> [Aim of the task]: Return exactly, please, the line that contains "BrilhoNobre Pulseira Floco" and every line after it through the end of the material that follows, leaving pictures aside.

> [Source data]:
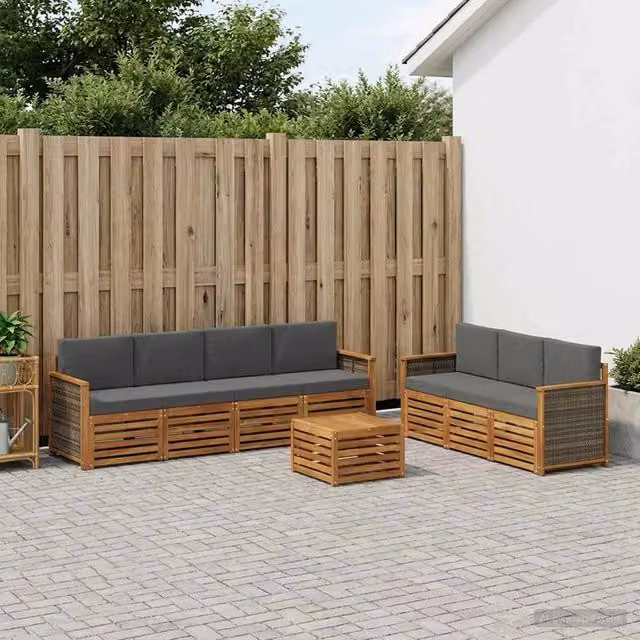 Set divani 8 pz Legno di Acacia Massello 3384108
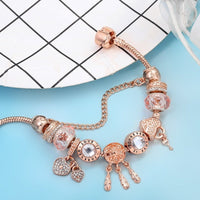 BrilhoNobre Pulseira Floco de Neve Rosas - Pendente Prata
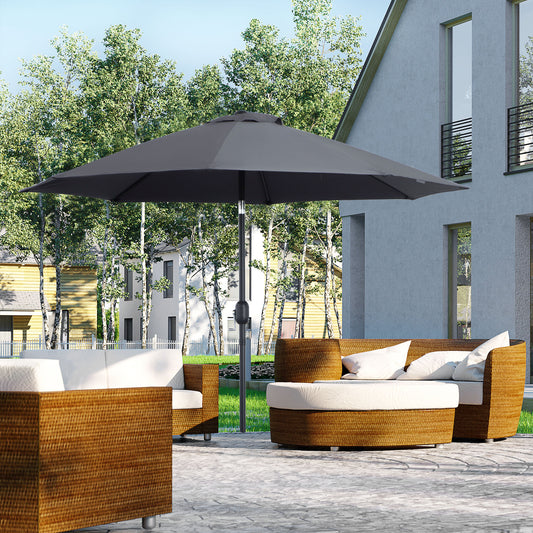 Outsunny 2.7M Garden Parasol Umbrella in Charcoal Grey, image 2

> [Solution to the problem]:
 BrilhoNobre Pulseira Floco de Neve Rosas - Pendente Prata
 Outsunny 2.7M Garden Parasol Umbrella in Charcoal Grey, image 2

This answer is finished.